The other members of the committee are Reserve Bank of India Governor Urjit Patel and Chief Economic Adviser Arvind Subramanian.
“A range gives the government a one-off chance to go to the upper end of the range in terms of spending,” Pronab Sen, the former chief statistician of India told News18.com.
The FRBM Act was passed in 2003 to move towards a balanced budget by reducing the fiscal deficit — the difference between the government’s receipts and its expenditure — and the disciplined management of public funds. It mandated that India should have a fiscal deficit to 3% of GDP by 2008. However, the global financial crisis of 2007-08 meant that the government had to increase spending in the form of a fiscal stimulus package to counteract the economic slowdown. The FRMB Act was temporarily set aside.
Fast forward to the present. In his Budget speech in 2016, Arun Jaitley stuck to fiscal consolidation and announced a deficit target of 3.5% for FY 2016-17 and 3% in FY 2017-18. However, demonetisation has thrown a spanner in the works.
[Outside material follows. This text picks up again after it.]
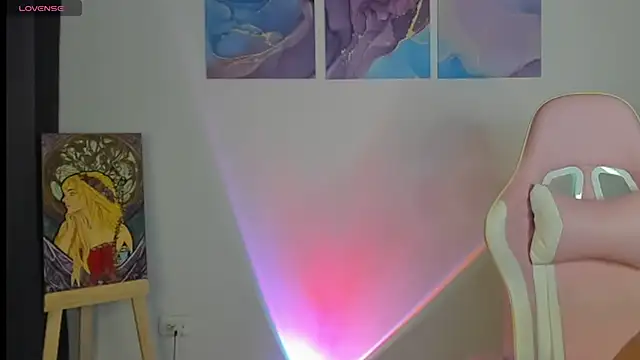 Snapshot of Pretty__zoe chatting on 24, 2, 2025 Pretty  zoe online show from 24, 2, 2025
All available economic data after November 8 points to a slump in private consumption. Automobile sales are down, manufacturing and services have been disrupted. Export growth is sluggish and private investment remains comatose as banks and companies struggle with bad loans and demonetisation. The GDP forecast of 7.1% did not factor in demonetisation. In this scenario, government spending is the only thing that can pick up the economic slack.
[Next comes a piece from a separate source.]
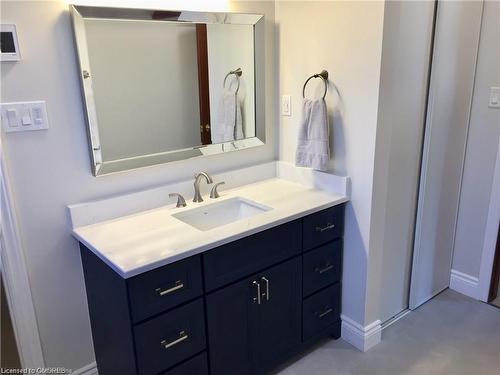 3497 Marion Court, Burlington, ON - Indoor Photo Showing Bathroom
Hence, the need for a more flexible target (which a range offers) rather than a fixed number which ties the government’s hands. However, any slippage on the fiscal deficit numbers could also mean a possible downgrade of India’s sovereign ratings by the international ratings agencies, which would result in decreased investment inflows. The government will have to walk a tight fiscal rope.
The Finance Ministry will have a plateful on its hands while drawing up the budget. Apart from the additional budgetary provisions to finance Prime Minister Narendra Modi’s December 31 promises (interest subventions for farmers, financial assistance for pregnant women, increase in low cost housing), there is a strong buzz about a slash in income tax rates and a provision of a basic minimum income.
Apart from this, there is the usual financing needs for infrastructure, subsidies, education, health, social sector spending, salaries and pensions, apart from possible additional spending to counter demonetisation. Tweaking the FRBM may be one way out.